Coalition’s Plan to Tackle Climate Change
At last week’s meeting with the Carbon Market Institute, The Hon Greg Hunt MP released the Coalition’s Plan to Tackle Climate Change.
At last some flesh on the terms of reference for the Emissions Reduction Fund!
The paper makes a case for removal of the carbon price and replacement with a more modest Direct Action policy: the carbon price is the “wrong market mechanism” for this problem because electricity is an “inelastic good”. Electricity Bill take note! But it seems to me electricity use might be relatively inelastic, but how electricity is sourced need not be. Electricity emissions are falling.
A more expansive paper is welcome ahead of future green and white papers, but there are some worrying signals.
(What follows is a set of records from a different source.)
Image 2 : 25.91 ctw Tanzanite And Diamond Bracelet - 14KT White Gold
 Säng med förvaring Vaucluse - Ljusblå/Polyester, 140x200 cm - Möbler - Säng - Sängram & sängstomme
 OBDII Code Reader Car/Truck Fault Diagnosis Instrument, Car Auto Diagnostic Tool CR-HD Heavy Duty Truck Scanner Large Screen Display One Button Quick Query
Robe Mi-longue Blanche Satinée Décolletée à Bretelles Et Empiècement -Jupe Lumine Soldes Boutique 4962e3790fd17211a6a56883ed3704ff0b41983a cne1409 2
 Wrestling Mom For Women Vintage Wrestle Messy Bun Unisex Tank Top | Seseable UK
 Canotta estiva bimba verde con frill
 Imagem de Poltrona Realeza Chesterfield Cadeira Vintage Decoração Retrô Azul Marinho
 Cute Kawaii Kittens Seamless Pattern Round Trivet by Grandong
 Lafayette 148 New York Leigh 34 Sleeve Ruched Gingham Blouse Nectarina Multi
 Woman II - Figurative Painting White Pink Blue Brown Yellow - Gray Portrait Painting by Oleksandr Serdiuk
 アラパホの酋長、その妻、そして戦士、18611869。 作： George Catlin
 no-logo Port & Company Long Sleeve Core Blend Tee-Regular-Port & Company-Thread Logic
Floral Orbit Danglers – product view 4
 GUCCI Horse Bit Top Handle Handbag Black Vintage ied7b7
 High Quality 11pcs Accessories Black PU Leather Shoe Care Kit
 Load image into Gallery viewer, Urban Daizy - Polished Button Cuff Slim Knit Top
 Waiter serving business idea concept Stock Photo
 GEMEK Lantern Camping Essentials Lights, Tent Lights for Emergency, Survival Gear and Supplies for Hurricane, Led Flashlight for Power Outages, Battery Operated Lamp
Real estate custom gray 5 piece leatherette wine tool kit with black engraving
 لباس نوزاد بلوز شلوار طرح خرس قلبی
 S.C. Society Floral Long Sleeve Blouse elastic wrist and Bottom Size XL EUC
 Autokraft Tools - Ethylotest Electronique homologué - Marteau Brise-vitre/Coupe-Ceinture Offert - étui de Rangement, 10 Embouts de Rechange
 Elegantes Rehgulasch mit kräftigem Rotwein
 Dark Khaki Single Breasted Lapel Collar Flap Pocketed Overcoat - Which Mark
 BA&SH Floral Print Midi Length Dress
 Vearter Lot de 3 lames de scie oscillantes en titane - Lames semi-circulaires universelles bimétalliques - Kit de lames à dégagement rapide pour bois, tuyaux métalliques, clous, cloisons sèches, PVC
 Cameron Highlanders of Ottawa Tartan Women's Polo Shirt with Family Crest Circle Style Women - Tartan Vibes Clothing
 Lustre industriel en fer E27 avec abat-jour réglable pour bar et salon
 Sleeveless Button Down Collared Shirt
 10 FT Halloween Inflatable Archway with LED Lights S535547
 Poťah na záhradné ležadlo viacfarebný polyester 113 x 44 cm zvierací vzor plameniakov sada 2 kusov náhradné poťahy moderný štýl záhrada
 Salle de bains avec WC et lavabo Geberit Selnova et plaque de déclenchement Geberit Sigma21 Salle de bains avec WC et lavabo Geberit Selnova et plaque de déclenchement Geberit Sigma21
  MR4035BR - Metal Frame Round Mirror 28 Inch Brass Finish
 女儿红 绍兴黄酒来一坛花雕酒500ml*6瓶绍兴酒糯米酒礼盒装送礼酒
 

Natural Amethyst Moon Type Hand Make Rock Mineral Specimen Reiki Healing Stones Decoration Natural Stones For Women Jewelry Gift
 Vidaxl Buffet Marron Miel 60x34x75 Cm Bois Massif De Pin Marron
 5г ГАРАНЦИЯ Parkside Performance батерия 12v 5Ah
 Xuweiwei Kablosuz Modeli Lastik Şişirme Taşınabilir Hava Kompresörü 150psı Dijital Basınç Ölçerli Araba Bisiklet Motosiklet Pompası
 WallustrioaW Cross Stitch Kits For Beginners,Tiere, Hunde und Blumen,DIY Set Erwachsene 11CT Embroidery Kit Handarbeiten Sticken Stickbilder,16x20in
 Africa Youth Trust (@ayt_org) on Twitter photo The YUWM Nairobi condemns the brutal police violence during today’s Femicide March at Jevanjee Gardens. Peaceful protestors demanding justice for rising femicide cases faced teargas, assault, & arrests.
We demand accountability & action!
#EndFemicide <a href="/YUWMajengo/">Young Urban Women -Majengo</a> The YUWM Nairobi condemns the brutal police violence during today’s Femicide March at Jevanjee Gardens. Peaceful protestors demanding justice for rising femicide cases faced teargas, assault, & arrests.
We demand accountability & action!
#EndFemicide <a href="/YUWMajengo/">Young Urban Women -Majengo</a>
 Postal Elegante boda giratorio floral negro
The paper accounts that the task of meeting a 5% reduction target by 2020 has reduced from 750 million tonnes to 440 million tonnes, but no reason is given why the ERF will be more effective than the carbon price at reducing emissions. Given past similar programs like the Greenhouse Gas Abatement Program were not that effective, it would be good to see some stronger reasons.
To ensure environmental integrity, the paper notes projects must be additional to “business-as-usual”. It would be useful to clarify whether this is shorthand for the current additionality test – which ensures that projects which are “common practice” are excluded – or a softening of the test to be more inclusive of more kinds of projects. “Business-as-usual” might mean reductions below current emissions, when in fact “business-as-usual” emissions are falling anyway. Other comments about “keen to unlock abatement opportunities across the Australian economy” suggest it could be a softening which would undermine the integrity of the CFI.
The paper also talks about buying “lowest cost abatement” and “buying up the abatement cost curve”. While this is good for the budget bottom line, it might not be the best approach for encouraging abatement across different sectors. We certainly know that energy efficiency projects could be cost negative and that Aboriginal land projects have a few capacity and remoteness humps to get over to deliver.
Keeping the CFI is a good thing. But there are few cracks of light in this paper for Aboriginal carbon farmers. If you want abatement on remote lands and Aboriginal people in jobs, we will need some enablers.
Our submission will be tackling some of these issues. Still thinking.